Alephnet’s data science as a service ecosystem empowers all companies to connect data to aspirational outcomes.
In 2022, 2.5 quintillion bytes of data are created every day. 90% of the world’s data has been generated over the last two years alone. A staggering figure, it is expected that the volume of data is to double every two years.
The largest companies globally, from Google, Amazon, and Facebook to venture capitalized, Uber-growth startups racing to become Unicorns, all leverage data science to develop data-enabled business models.
These enterprises use data science to improve all business decisions. They treat insights, not just data, as a business asset generating a complete view of data. Real-time insight with the ability to take real-time, immediate, contextualized action across all business activities for better top and bottom-line results. They are dynamically positioned to delight customers, improve relationships and sustain a competitive advantage.
What is Data Science?
Data science is an umbrella term to describe the entire complex and multistep processes used to extract value from data. It includes backend, applied tools and technology, and frontend data scientist(s) – involving not one data scientist possessing all the necessary expertise but – teams with non-overlapping complementary skills.
Data science uses computational power and human creativity to extract value from vast amounts of data augmenting our ability to make sense of information thereby enabling us to do more.
To be a successful company in the 21st century, you have to leverage data to your advantage.
We believe we can create a new reality, one in which all companies, small, medium, or large can become data-enabled, connecting insights to innovation and value creation. A reality in which data insights become an ecosystem.
Implementing data science is part of a digital transformation journey taken in stages. A simple 3-step methodology; gather, analyze and act, is applied to drive organizational data-enabled decision making.
Future-proofing through a cycle of reinvention, and reconfiguration
The complexity of data systems grows every day. Data and technology stacks house growing amounts of fast-changing data, scattered across the organization, often with no standard structure and external sources of great value, not considered or captured at all.

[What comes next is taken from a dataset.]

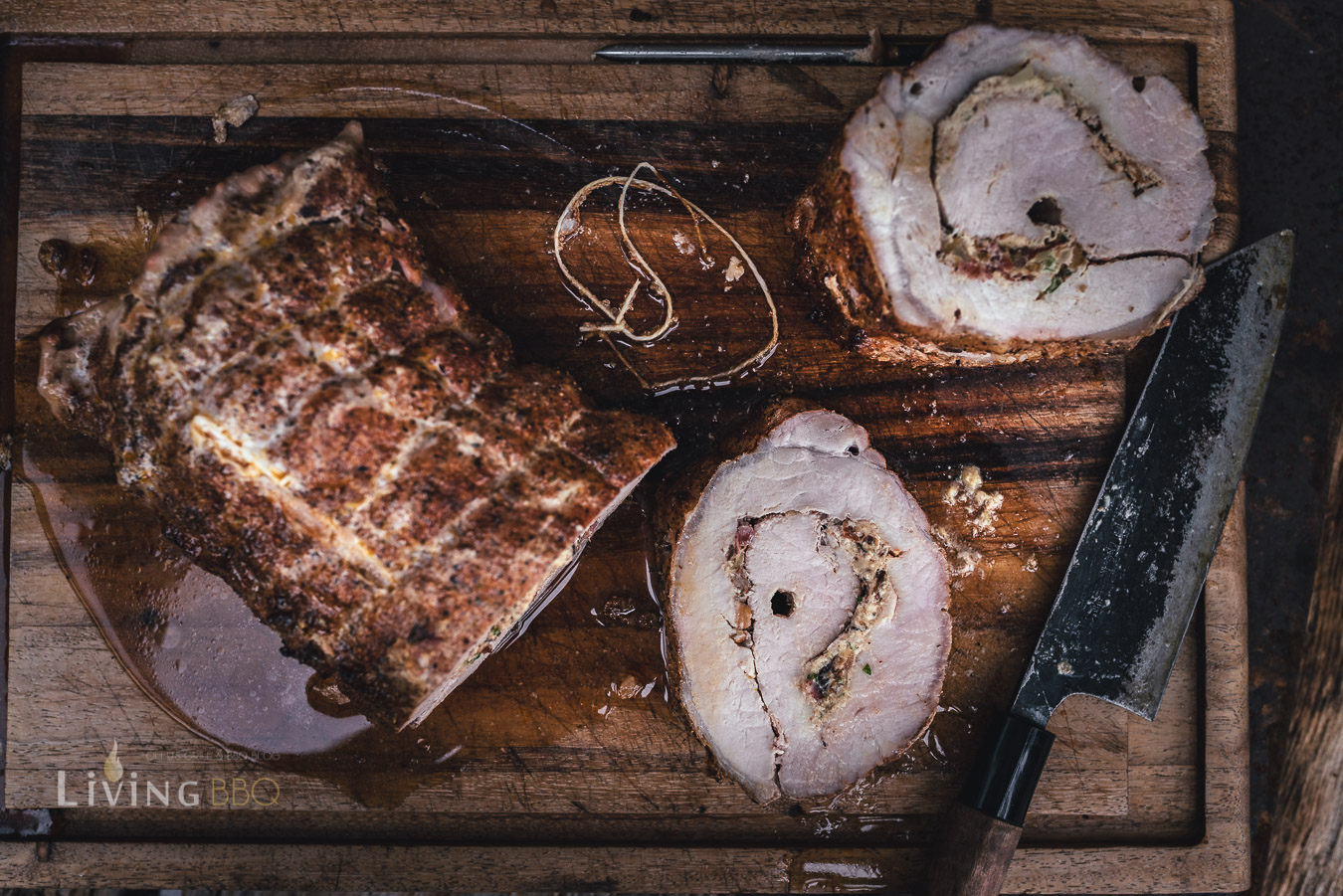 Rezept für Kräuter-Rollbraten vom Grill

While many companies lean on metrics to measure performance and help steer the business, they miss a virtual untapped gold mine of other data.
Hidden in the data are insights into your business, clients, competitors, and markets. – as long as there’s someone who digs in and unearths business insights that no one thought to look for before. Enter the data scientist.
Data scientists use various forms of artificial intelligence to connect data insights to valuable outcomes.
A data strategy sets the foundation to fuel an insight-driven future.
What is DSaaS – Data Science as a Service?
If companies want to thrive in the data science and AI era they need to find new ways to compete and address resourcing gaps.
DSaaS levels the playing field enabling all organizations to consistently benefit from their own data science.
A data science platform offers modular, front, and backend secure data science accessed through a platform just like any other web service.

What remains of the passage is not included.